TWO years before, lady Arctura had been in the habit of riding a good deal, but after an accident to a favourite horse for which she blamed herself, she had scarcely ridden at all. It was quite as much, however, from the influence of Miss Carmichael upon her spirits, that she had forsaken the exercise. Partly because her uncle was neither much respected nor much liked, she had visited very little; and after mental trouble assailed her, growing under the false prescriptions of the soul-doctor she had called in, she withdrew more and more, avoiding even company she would have enjoyed, and which would before now have led her to resume it.
For a time she persisted in refusing to ride with Forgue. In vain he offered his horse, assuring her that Davie's pony was quite able to carry him; she had no inclination to ride, she said. But at last one day, lest she should be guilty of unkindness, she consented, and so enjoyed the ride -- felt, indeed, so much the better for it, that she did not thereafter so positively as before decline to allow her cousin to look out for a horse fit to carry her; and Forgue, taking her consent for granted, succeeded, with the help of the factor, in finding for her a beautiful creature, just of the sort to please her.

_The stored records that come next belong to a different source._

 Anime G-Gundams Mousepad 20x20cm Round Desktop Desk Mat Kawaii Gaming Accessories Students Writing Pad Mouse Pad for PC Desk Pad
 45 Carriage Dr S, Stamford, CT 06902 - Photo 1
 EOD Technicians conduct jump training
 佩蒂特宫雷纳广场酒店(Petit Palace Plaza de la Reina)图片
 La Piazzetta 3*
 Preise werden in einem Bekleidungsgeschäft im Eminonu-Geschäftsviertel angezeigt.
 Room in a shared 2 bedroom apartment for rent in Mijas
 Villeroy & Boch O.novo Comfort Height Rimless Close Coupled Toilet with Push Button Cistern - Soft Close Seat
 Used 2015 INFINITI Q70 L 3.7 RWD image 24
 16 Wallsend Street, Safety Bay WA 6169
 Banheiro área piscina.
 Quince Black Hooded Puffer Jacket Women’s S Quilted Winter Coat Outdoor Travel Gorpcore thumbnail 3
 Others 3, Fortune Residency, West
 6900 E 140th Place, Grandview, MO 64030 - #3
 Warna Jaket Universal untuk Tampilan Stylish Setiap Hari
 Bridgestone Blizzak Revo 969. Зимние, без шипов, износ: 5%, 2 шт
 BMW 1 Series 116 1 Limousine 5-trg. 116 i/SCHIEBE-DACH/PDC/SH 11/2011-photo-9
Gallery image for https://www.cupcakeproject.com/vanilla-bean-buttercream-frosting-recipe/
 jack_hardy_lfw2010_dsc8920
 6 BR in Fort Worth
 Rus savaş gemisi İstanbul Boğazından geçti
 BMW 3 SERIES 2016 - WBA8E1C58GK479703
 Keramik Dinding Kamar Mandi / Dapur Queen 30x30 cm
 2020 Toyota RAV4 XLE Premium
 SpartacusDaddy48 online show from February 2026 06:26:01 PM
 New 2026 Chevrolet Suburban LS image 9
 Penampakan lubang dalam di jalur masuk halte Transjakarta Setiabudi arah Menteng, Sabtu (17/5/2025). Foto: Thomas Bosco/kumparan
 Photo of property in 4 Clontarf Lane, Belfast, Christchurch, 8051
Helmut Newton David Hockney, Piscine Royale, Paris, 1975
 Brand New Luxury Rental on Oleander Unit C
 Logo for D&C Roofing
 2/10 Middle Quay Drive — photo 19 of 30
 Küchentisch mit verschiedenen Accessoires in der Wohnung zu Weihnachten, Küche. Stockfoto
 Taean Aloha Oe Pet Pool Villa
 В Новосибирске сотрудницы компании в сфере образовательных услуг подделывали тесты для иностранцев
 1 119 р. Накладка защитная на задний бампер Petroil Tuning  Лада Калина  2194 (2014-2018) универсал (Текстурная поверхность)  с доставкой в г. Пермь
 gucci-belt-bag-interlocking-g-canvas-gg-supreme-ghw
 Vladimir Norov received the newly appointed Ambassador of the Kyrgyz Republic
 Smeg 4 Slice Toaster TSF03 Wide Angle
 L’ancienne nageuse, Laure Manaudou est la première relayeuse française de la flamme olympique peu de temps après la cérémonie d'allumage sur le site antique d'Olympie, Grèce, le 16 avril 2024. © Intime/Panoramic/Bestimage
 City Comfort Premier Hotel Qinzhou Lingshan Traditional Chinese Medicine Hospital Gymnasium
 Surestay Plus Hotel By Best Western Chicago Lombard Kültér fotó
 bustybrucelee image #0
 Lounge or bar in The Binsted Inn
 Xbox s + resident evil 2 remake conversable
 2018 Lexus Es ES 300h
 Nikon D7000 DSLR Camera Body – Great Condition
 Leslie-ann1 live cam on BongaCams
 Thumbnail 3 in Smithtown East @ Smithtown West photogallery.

Almost at sight of him she agreed to his purchase.
This put Forgue in great spirits, and much contentment with himself. He did not doubt that, gaining thus opportunity so excellent, he would quickly succeed in withdrawing her from the absurd influence which, to his dismay, he discovered his enemy had in his absence gained over her. He ought not to have been such a fool, he said to himself, as to leave the poor child to the temptations naturally arising in such a dreary solitude! He noted with satisfaction, however, that the parson's daughter seemed to have forsaken the house. And now at last, having got rid of the folly that a while possessed him, he was prepared to do his duty by the family, and, to that end, would make unfaltering use of the fascinations experience had taught him he was, in a most exceptional degree, gifted with! He would at once take Arctura's education in his own hands, and give his full energy to it! She should speedily learn the difference between the assistance of a gentleman and that of a clotpoll!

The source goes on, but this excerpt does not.